Why others think you are difficult.
Posted June 13, 2016 | Reviewed by Ekua Hagan
Relationships are not simple. In fact, the closer your association with someone, the more complicated the relationship. In any relationship, one person’s needs and expectations intersect with the other person’s needs and expectations. Sometimes it is a smooth fit; but, other times it is a rocky ride. Intimate, romantic relationships often encompass a wide range of needs and expectations by both parties, and thus, can be enormously difficult.
Forming and maintaining loving, intimate relationships requires open communication, respect, giving of oneself, and tolerance. Successful relationships also include each partner helping the other achieve their needs, wants, and desires for themselves and as a couple. For example, a woman may want to finish her college education so that she can get a higher-paying job which will enhance not only her self-esteem but the couple’s ability to purchase a home.
One of the most difficult areas to resolve is that of household and caretaking duties. Usually, one partner takes on the bulk of these responsibilities. And in heterosexual couples, it is usually the woman.
While women and men want to be loving and considerate helpmates to their significant others, one party may not feel that they are sufficiently recognized for their efforts because they receive little acknowledgment. This may cause them to believe that they haven’t done enough, and so they do even more. Such thoughts and behaviors can come at the cost of self-deprivation of one’s own needs. If this continues, there may be a slow build-up of resentment and anger.
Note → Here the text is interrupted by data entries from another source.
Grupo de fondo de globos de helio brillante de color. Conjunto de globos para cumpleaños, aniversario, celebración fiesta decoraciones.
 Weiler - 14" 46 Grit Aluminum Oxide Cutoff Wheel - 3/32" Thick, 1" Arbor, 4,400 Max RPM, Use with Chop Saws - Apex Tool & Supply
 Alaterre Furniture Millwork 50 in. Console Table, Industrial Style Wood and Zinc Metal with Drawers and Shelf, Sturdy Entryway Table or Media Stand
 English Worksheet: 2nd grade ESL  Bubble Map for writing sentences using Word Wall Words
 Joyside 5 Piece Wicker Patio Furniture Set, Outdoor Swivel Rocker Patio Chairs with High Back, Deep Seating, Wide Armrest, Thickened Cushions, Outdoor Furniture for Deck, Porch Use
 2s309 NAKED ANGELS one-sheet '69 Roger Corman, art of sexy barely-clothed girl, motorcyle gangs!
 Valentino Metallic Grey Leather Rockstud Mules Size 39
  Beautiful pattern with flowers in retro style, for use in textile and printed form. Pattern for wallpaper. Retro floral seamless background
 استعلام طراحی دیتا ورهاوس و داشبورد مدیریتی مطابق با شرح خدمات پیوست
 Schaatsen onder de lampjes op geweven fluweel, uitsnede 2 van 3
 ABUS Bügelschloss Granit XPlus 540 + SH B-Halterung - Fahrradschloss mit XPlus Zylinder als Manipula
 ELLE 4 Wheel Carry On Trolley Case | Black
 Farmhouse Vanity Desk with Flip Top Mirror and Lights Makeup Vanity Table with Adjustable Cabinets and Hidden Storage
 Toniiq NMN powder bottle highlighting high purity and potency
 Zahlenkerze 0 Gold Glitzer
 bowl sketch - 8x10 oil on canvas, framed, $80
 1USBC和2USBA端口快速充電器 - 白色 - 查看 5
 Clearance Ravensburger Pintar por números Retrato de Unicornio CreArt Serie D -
The cost of submerging your needs
It’s important to recognize that to be loving and giving is healthy; but, to love and give at the cost of one’s psychological invisibility is clearly unhealthy. Anyone who submerges their needs to be valued, loved, appreciated, and complimented, and who suppresses their sense of being to the wants and desires of their partners, is going to risk “psychological starvation.” We call this emotional anorexia.
When you hit that that “dark zone,” your psychological nutrition is poor. Much of what you are consuming is what we label “high fat” negative emotions; such as anger, worry, anxiety, bitterness, and pessimism. Emotional anorexia means that you are living in emotional starvation mode. Just as irritability and anger happen when your blood glucose levels go down, when you don’t have enough “psychological sugar,” your emotional “blood levels” also go down. You don’t have the good nutrients of joy, happiness, and excitement to keep you going.
Signs of emotional anorexia
Here are some signs that you are in emotional anorexia in an intimate relationship:
- Sign 1: You try to avoid conflict by giving in to what the other person wants (again); you stop making demands (again); yet, you feel simmering resentfulness.
- Sign 2: Soon, all you feel is deep irritation that results in an explosion of volcanic anger. Typically, this is over some minor or even silly transgression by the other person, and usually occurs when you’re in a situation where you should be having fun (e.g., out to dinner or relaxing on the weekend).
- Sign 3: Now you feel guilty; you feel like the “bad guy” because you can’t “just keep things fun and light” and “always” have to “ruin” a good time by bringing up the same old grievances.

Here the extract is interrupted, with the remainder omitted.